L’interprétation libre de la thématique grecque dans le cas de la Fondation Hellénique présente plusieurs similitudes avec l’approche adoptée par d’autres maisons de la Cité Universitaire (telles que la maison de l’Asie du Sud-Est) c’est-à-dire l’exploitation d’un thème national ou régional. Mais on ne peut pas ne pas être frappé par le grand écart qui sépare la Fondation Hellénique de la Fondation Suisse, manifeste, elle, du mouvement moderne qui au début des années 1930 avait déjà fait sa percée.
 

Il convient en effet de souligner que Zahos ne semble avoir jamais été tenté par la modernité architecturale. S’il adhère à l’utilisation du béton armé et des matériaux modernes disponibles à son époque, il ne les emploie jamais de manière apparente et ne les exploite pas pour réinterpréter grâce à eux des formes architecturales traditionnelles, à la manière par exemple d’un Viollet-le-Duc. Contrairement donc à son cousin Aristotelis Zahos qui lui exploite le béton pour exprimer la plasticité des formes rondes néo-byzantines, Nikolaos s’obstine à dessiner des colonnes et des chapiteaux taillés en pierre …
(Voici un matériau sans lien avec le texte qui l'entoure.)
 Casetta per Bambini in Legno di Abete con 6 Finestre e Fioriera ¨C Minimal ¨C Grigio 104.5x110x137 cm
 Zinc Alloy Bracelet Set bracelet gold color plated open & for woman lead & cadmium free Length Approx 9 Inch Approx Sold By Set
C’est peut-être le Stade de Jauréguiberry à Toulon qui témoigne le plus d’une architecture qui s’inscrit réellement, à la fois dans ses matériaux et dans ses expressions formelles, à la modernité des première décennies du 20 siècle. Dans cette modeste architecture (en termes de taille et de programme), Zahos transcende son formalisme classique habituel pour explorer avec beaucoup de bonheur, des formes rendues possibles par le béton armé.